A Workflow for Training Gas Classification Models from BME688 Sensor Data

11.12.2025

Digitalisation in brewing has increased the need for reliable and automated process monitoring, particularly during fermentation where gases such as CO₂ and various volatile organic compounds (VOCs) provide important insights. To support this need, a complete Python-based workflow was developed for training machine learning models capable of classifying gases detected by the Bosch BME688 sensor. The workflow is structured into four coordinated scripts—data_preprocessing.py, data_loader.py, neural_net.py, and train.py—each handling a specific stage of the machine-learning pipeline.

The workflow begins with data_preprocessing.py, which converts the BME AI-Studio output (.bmespecimen files) into a structured format suitable for model training. These files contain sensor readings captured during the BME688 heating cycle, consisting of ten measurement steps repeated throughout the sensing process. The script parses the file’s nested structure, resolves internal links, and constructs lookup tables to simplify access to relevant datapoints. From each cycle, thirteen features are compiled: ten gas-resistance values from the heating steps combined with temperature, humidity, and pressure. The script then groups the parsed samples according to their class labels and divides them into training and validation arrays. Finally, it stores these arrays efficiently in an HDF5 (.h5) file for the next stages of the workflow.

Next, data_loader.py transforms the saved arrays into PyTorch-compatible datasets and dataloaders. It defines a custom dataset class that wraps the features and labels into tensor objects and applies a reproducible random split based on a fixed seed. This ensures that experiments remain consistent across multiple training runs, which is essential when comparing different models or training configurations. The resulting dataloaders shuffle, batch, and stream the data during training, providing an efficient input pipeline for the neural network.

The model architecture and training logic are defined in neural_net.py. This script contains a configurable feedforward neural network built with PyTorch, allowing the user to adjust the number and size of hidden layers. Each layer uses linear transformations, ReLU activation, Batch Normalization, and optional Dropout to improve generalization. Alongside the model, the script implements a ModelTrainer class responsible for executing the learning process. It uses CrossEntropyLoss for classification, the Adam optimizer for efficient gradient-based learning, and the One-Cycle learning rate scheduler, which increases and then decreases the learning rate to encourage fast convergence and stabilised training. The trainer records accuracy and loss during each epoch and generates visual plots summarising the training behaviour.

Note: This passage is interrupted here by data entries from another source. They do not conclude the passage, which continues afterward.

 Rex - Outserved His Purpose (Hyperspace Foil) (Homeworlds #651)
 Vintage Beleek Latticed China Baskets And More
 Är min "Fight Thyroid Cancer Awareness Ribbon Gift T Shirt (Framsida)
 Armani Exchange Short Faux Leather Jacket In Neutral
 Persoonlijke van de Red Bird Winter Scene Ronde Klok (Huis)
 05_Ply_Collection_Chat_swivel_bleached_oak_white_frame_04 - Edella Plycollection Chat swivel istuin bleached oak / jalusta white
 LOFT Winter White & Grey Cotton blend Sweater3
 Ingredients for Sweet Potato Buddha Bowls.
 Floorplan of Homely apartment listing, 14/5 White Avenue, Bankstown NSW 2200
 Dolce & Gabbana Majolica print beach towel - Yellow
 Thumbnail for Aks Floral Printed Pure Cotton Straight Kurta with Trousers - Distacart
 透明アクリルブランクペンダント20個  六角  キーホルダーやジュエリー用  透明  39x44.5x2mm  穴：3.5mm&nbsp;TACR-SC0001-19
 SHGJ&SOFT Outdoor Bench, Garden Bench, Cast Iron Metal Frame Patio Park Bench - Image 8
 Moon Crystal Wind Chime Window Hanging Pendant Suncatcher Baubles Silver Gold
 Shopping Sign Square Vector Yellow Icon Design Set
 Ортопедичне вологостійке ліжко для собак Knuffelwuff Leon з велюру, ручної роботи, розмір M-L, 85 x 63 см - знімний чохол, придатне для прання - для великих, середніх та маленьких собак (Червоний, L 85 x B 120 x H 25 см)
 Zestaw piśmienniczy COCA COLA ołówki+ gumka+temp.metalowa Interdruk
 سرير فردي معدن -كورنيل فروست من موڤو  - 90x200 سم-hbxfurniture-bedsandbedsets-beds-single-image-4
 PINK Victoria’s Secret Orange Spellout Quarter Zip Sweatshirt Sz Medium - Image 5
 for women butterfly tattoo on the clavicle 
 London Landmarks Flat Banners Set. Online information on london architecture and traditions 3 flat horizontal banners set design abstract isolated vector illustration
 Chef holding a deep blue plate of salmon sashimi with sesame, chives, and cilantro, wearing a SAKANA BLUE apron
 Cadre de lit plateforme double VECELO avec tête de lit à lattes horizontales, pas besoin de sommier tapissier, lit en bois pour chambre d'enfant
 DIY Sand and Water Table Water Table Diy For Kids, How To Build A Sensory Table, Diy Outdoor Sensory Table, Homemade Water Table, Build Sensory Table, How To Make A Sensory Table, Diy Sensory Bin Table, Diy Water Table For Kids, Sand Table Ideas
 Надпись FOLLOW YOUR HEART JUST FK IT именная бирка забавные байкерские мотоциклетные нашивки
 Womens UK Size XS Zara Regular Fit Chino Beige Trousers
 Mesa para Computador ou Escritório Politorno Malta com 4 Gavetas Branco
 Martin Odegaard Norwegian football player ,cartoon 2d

The workflow is orchestrated by train.py, the top-level script that executes the full pipeline from start to finish. It loads or preprocesses data as needed, initializes datasets and dataloaders, builds the neural network based on user-defined parameters, and runs the full training loop. After training, the script produces performance graphs, computes a confusion matrix, and saves the final trained model for deployment.

Overall, this workflow provides a flexible and extensible foundation for gas-classification research using the BME688 sensor. By separating preprocessing, data handling, model definition, and orchestration into clear components, the system enables easy experimentation, reproducibility, and future expansion—such as raw-sensor parsing or GPU-accelerated training.